For starters, I used DoubleKiller (I had the pro version, but the freeware one would have helped too) to pluck the low-hanging fruit -- to delete, that is, the verifiably exact duplicates.  But now there were files with almost identical names (e.g., Longfilename and LongfilenameA), files with identical names but different extensions (e.g., was Filename.pdf simply a PDF version of Filename.doc?), filenames with slight differences (e.g., was 2010-09-10 Résumé an essentially identical duplicate of 2010-09-10 Resume if their times were identical but their sizes were different?), and so forth.

It was easy enough to just guess at it and delete the ones that looked like they might be duplicates.  In many cases, that would have been fine; it wouldn't have made any real-world difference.  Obviously, though, this would not be not a good data management solution.  More like data abdication.  Second-best, I could identify likely duplicates and put them in a ZIP file, out of the way.  One problem with ZIP files, I had found, was that the reason for zipping them could fade from recollection, over a period of years; and then, one bright day, someone might decide to see what was in there, and the monster would live again.

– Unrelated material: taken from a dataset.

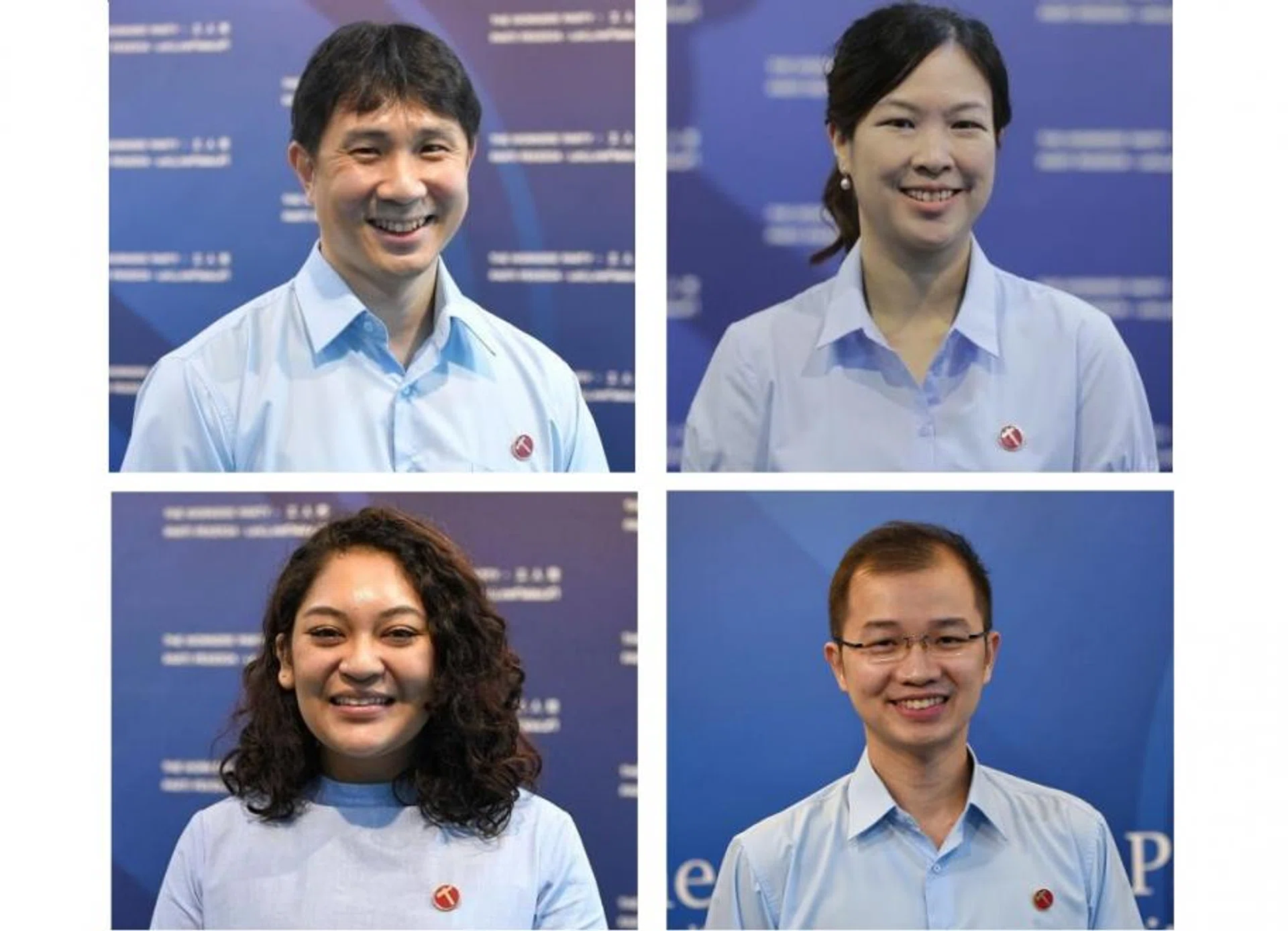 The Workers' Party team for Sengkang GRC (clockwise from top left) Jamus Lim, He Ting Ru, Louis Chua and Raeesah Khan.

One general underlying purpose was to have files that would actually be useful.  I thought that the processes of gradually absorbing useful files and eliminating unnecessary ones might be aided if I could sort them by topic.  Here, again, there were some obvious ways of quickly taking care of large numbers of files, such as those that were already sorted into folders with meaningful names.  But that left quite a few that were not usefully categorized.

In some cases, I could categorize files just from the information in their names.  But I hated to spend the time to do it manually.  I tried to sort them into categories by identifying key multiword phrases they contained.  That problem became complicated by variations in punctuation and other textual vagaries.  Therefore, I started over, this time beginning with an effort to clean up punctuation and other aspects of the text.

While that cleanup attempt was underway, I also looked for ways to reduce the number of filenames being sorted.  This brought me back to a focus on identifying duplicates.  It seemed, belatedly, that it would have been useful to have named all files according to a consistent rubric.  I took a look at that in a separate post.  That got me to a point where I was able to name many of the files in a certain standard way.  So, for example, an email would be named using a Date-From-To-Subject format.

Along the way, certain realizations forced themselves into my consciousness.  One was that, as a general rule, if it looks like a mess, it is probably a mess in ways that you haven't even imagined.  A corollary is that whatever you do, you will have to do over again, once you have discovered additional unforeseen ways in which the data are intertwined.  I did find that doing it wrong, several times over, was a good way to become familiarized with possible starting points.  Having a good backup was essential.  Being able to reconstruct steps, by saving relevant documents in generational steps, was a real plus.

There was also the problem of deciding whether to nibble around the edges or make a decisive stroke to divide major problem areas from one another.  The quandary here was that the decisive stroke would likely go astray if it was not informed by prior familiarity with the actual fault lines shooting through the data.  In the worst case, you would not only add to the confusion, but would divide things in exactly the wrong direction, so that the procedures taken with Group A would have to be repeated with Group B -- except that, inevitably, they could not be repeated *exactly* with Group B, because the two groups would differ in some subtle but significant way.  But nibbling around the edges could turn relatively simple aspects of the project into enormously tedious exercises in repetition, as exceedingly minor pieces of the puzzle were interminably quasi-resolved.

I made these notes during a particularly dark moment in the process.  I am pleased to report that, later on, when I returned to these notes to wrap them up and post them, I had turned to other projects, and was thus making good progress toward resolving the data verification nightmare by simply ignoring it until it (or I) went away.